→ **Assignment**: Pick out all lines of the entries that include the word "Jewelry" and copy them.
⟨
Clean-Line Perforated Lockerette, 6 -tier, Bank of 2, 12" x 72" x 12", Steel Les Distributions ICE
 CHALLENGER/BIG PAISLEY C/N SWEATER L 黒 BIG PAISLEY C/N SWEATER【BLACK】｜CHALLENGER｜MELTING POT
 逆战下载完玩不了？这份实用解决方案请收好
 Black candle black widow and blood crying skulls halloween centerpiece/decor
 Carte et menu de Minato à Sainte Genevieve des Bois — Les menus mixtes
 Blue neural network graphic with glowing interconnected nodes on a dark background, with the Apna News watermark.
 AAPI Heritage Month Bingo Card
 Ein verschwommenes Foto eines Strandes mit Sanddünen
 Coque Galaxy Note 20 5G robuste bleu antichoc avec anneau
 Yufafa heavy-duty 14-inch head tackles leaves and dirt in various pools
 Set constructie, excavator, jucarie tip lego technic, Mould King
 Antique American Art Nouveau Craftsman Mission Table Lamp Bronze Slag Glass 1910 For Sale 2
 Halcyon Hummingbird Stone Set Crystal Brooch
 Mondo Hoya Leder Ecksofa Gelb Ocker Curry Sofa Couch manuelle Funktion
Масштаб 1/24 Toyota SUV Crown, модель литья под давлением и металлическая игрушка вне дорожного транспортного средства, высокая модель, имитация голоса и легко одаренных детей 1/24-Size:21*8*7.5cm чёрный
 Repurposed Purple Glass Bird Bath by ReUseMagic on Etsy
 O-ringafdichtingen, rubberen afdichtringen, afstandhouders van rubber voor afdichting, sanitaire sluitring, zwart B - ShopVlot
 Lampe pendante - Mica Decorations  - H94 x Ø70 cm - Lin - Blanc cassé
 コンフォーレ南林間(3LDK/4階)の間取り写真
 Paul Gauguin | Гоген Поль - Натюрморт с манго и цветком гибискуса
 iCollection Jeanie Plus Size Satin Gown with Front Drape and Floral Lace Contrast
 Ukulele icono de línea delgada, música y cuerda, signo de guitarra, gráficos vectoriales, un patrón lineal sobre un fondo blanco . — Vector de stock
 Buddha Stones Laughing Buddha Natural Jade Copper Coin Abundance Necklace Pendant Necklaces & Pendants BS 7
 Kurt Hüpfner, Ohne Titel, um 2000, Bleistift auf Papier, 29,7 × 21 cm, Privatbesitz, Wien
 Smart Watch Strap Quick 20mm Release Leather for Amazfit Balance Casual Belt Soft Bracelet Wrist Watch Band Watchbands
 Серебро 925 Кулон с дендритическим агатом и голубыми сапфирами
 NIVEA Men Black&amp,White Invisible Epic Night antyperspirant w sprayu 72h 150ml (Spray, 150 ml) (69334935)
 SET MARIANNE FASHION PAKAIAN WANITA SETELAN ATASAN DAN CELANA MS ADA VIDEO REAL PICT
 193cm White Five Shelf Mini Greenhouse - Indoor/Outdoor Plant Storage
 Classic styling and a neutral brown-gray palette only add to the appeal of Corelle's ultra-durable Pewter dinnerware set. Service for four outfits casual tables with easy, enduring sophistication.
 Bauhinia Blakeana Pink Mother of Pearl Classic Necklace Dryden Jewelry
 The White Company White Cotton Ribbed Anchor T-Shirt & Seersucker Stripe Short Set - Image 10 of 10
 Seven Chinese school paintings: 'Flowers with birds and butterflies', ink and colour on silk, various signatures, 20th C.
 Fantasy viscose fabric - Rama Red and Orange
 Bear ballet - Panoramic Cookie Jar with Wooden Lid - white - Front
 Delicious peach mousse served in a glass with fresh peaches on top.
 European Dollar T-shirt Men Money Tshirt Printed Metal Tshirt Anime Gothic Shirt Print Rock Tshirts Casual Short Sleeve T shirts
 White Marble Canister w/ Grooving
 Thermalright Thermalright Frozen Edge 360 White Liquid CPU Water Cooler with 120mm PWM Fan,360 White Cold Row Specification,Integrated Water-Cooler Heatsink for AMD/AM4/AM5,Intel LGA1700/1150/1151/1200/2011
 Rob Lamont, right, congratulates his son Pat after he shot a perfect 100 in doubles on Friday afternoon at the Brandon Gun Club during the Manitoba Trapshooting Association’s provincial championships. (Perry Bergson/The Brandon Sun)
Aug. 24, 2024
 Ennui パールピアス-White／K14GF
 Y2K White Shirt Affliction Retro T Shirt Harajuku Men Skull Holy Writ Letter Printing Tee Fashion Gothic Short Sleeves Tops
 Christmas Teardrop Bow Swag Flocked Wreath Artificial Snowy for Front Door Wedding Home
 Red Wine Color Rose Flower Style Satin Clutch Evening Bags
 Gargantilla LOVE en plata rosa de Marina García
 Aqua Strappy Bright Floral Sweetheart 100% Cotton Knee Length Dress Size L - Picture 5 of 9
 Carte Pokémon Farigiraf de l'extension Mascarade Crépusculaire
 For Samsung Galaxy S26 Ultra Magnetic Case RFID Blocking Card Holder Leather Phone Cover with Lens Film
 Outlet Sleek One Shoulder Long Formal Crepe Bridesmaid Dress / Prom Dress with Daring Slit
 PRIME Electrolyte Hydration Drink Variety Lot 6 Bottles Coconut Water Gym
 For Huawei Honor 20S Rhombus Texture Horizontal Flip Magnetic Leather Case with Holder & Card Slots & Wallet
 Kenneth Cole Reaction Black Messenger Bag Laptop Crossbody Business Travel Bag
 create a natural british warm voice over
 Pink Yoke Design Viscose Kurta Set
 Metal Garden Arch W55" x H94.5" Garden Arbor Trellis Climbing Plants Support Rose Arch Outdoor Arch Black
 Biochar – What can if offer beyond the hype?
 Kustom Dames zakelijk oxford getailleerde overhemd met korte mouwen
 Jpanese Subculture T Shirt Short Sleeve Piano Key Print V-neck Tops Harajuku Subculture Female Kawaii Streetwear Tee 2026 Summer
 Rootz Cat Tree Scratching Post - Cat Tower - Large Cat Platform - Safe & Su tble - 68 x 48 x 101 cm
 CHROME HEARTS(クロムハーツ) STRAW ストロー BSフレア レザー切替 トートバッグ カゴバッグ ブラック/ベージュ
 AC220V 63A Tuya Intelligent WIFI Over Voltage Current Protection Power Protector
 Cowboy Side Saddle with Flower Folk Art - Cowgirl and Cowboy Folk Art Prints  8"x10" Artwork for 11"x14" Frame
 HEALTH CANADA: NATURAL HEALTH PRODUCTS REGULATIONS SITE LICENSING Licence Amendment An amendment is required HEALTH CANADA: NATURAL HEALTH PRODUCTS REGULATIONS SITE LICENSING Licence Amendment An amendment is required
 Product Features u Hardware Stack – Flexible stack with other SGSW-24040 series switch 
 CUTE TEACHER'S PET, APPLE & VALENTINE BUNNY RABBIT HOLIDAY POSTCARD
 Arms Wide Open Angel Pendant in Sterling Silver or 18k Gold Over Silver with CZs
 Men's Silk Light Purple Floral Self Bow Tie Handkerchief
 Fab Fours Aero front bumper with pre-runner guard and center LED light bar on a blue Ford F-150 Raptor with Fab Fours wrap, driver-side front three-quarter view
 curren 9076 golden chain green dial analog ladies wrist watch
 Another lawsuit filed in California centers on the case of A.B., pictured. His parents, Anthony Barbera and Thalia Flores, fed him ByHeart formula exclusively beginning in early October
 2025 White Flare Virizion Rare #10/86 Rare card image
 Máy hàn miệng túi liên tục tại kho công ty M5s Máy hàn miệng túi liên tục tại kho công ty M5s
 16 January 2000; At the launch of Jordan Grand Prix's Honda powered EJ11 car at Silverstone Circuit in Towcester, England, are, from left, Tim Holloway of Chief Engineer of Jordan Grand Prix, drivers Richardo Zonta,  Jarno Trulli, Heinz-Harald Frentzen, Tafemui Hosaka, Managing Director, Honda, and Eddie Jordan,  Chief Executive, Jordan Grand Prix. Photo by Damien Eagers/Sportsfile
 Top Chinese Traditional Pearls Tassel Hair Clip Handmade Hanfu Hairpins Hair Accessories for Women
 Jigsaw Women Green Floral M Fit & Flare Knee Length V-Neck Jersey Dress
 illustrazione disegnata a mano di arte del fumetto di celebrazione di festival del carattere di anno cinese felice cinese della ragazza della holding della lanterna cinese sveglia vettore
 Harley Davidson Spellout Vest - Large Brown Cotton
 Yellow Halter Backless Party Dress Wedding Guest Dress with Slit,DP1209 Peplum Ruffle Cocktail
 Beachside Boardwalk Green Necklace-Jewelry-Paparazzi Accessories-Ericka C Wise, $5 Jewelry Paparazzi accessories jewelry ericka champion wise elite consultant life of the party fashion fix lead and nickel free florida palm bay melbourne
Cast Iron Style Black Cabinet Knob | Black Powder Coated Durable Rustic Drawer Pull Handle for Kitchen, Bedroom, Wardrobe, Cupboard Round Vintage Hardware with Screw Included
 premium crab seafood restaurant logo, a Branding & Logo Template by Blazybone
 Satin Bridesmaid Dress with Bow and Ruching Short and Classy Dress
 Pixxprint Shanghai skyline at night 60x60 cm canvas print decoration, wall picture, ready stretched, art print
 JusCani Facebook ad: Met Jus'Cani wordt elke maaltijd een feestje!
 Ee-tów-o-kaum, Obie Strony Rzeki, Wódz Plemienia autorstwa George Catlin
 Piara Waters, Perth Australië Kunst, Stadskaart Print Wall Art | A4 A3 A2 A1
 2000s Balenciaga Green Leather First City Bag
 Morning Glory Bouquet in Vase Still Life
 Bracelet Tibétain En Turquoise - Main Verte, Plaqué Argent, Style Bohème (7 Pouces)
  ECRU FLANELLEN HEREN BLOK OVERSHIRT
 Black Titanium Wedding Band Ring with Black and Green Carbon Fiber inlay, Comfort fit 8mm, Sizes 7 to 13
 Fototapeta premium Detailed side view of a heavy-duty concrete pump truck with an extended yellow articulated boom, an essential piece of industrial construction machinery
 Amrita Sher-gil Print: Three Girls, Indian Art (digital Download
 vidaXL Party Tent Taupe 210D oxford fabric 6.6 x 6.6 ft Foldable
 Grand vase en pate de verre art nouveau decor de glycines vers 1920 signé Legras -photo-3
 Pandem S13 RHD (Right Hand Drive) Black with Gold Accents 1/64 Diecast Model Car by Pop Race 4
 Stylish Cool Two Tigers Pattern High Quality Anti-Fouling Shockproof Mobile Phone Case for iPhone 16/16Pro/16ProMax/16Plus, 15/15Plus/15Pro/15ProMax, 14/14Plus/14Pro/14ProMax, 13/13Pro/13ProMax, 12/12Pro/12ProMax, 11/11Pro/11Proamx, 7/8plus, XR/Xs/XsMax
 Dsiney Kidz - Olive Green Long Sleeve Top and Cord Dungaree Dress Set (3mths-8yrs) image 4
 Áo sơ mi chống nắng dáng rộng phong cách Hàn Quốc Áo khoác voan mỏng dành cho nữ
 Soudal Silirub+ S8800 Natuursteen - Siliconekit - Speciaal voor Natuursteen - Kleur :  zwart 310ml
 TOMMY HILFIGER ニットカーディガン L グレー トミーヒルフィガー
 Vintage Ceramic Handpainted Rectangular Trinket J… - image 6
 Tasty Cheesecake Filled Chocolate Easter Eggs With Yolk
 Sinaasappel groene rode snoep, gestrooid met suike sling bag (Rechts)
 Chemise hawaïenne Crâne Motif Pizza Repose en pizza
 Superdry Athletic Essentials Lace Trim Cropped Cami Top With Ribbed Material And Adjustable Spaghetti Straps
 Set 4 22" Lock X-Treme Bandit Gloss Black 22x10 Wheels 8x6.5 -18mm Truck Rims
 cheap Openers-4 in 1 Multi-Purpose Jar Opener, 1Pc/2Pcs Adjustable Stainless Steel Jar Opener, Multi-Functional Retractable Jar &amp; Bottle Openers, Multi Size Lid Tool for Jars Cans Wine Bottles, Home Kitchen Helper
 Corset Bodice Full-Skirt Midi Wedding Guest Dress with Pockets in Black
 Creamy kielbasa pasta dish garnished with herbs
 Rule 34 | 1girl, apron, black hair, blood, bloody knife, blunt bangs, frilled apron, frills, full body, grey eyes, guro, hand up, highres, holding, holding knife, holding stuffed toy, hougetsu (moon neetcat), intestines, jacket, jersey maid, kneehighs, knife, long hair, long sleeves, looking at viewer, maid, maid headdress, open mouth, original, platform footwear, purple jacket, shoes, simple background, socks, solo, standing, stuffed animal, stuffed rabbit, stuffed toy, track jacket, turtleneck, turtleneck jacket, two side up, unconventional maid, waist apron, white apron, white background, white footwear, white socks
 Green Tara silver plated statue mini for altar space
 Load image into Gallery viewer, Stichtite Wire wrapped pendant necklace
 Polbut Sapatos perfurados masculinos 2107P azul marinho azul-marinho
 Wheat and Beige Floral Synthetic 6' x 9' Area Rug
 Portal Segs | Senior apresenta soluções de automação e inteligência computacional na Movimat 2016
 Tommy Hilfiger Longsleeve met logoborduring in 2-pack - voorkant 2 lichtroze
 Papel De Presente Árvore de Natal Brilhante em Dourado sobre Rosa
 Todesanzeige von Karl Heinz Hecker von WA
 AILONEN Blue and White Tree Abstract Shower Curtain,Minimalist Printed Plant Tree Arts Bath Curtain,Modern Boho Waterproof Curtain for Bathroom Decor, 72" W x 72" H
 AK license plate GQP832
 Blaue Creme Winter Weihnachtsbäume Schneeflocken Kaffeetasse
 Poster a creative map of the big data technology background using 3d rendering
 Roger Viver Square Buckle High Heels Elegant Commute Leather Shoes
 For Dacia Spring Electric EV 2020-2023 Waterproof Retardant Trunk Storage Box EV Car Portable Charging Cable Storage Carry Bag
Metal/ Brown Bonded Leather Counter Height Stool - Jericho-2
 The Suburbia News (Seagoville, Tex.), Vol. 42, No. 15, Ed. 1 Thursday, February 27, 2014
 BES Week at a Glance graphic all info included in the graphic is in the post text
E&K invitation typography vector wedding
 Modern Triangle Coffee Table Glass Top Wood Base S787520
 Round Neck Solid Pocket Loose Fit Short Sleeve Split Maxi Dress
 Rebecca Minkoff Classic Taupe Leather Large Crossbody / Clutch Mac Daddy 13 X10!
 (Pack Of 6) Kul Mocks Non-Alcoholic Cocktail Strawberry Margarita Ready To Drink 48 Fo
⟩
→ **Task answer**:
 Bauhinia Blakeana Pink Mother of Pearl Classic Necklace Dryden Jewelry
 Beachside Boardwalk Green Necklace-Jewelry-Paparazzi Accessories-Ericka C Wise, $5 Jewelry Paparazzi accessories jewelry ericka champion wise elite consultant life of the party fashion fix lead and nickel free florida palm bay melbourne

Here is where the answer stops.